Solve the Cauchy problem $u_{tt}-c^2u_{xx}=0$ with conditions $1. \ u(x,0)=g(x)$ and $2.\ u_t(x,0)=h(x)$

Question

Solve the Cauchy problem $u_{tt}-c^2u_{xx}=0$ with conditions $$1. \ u(x,0)=g(x)\\2.\ u_t(x,0)=h(x)$$ Where $h(x)=0,\ g(x)=\begin{cases} 0,\ x<0 \\ 1,\ x\ge0 \end{cases}$.

My solution.

The general solution has the form $u(x,t)=F(x-ct)+G(x+ct)$...(*)

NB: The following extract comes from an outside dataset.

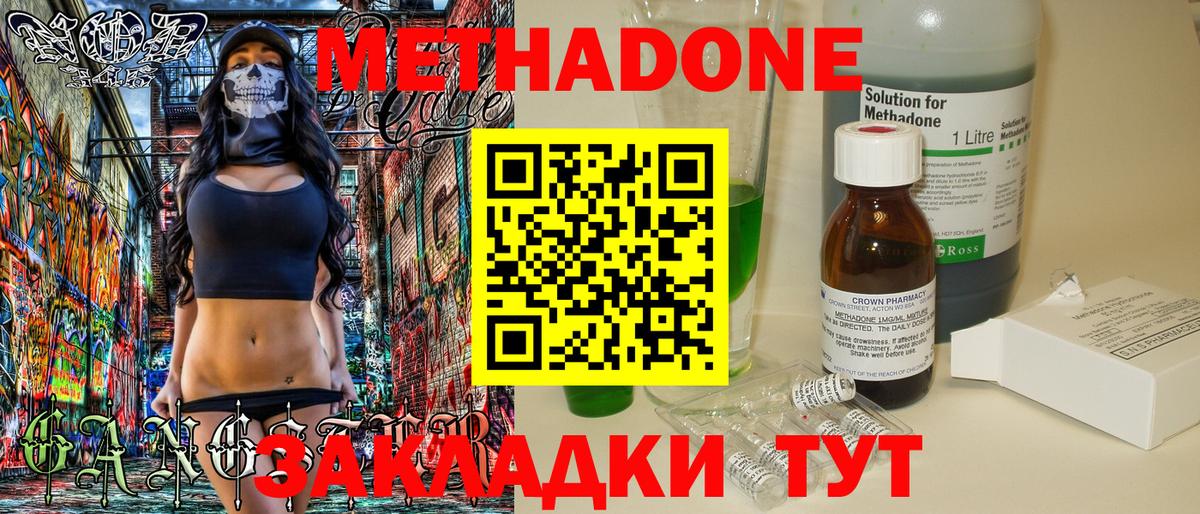 МЕТАДОН кристалл  Вход с VPN  MEGA   МЕТАДОН мёд  Калуга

Applying 1. condition we have $G(x)=-F(x),\ x<0$ and $G(x)=1-F(x),\ x\ge0.$

Hence (*) is now $u(x,t)=\begin{cases}F(x-ct)-F(x+ct),\ x+ct<0\\F(x-ct)-F(x+ct)+1,\ x+ct\ge0 \end{cases}$

Applying 2. condition we have $0=-2cF'(x),\ x<0$ and $0=-2cF'(x),\ x\ge0.$

This implies $F'(x)=0$, hence $F=c$ is a constant.

Therefore $u(x,t)=\begin{cases}0,\ x<0\\1,\ x\ge0 \end{cases}$

Is this solution correct?

Answer 1

Using d'Alembert formula we have that solution to pde is $u(x,t)=\begin{cases} 0,\ x\le-ct\\ \frac{1}{2}, \ -ct<x\le ct\\ 1,\ x>ct \end{cases}$

Answer 2

No. $u(x,t) = F(x-ct) - F(x+ct)$ for $x+ct < 0$, not for $x < 0$.

EDIT: Write $G(x) = H(x) - F(x)$, so $u(x,t) = F(x-ct) - F(x+ct) + H(x+ct)$, where $H$ is the Heaviside function. Note that $u_t(x,0) = - 2 F'(x) + \delta(x)$, where $\delta$ is the Dirac delta "function"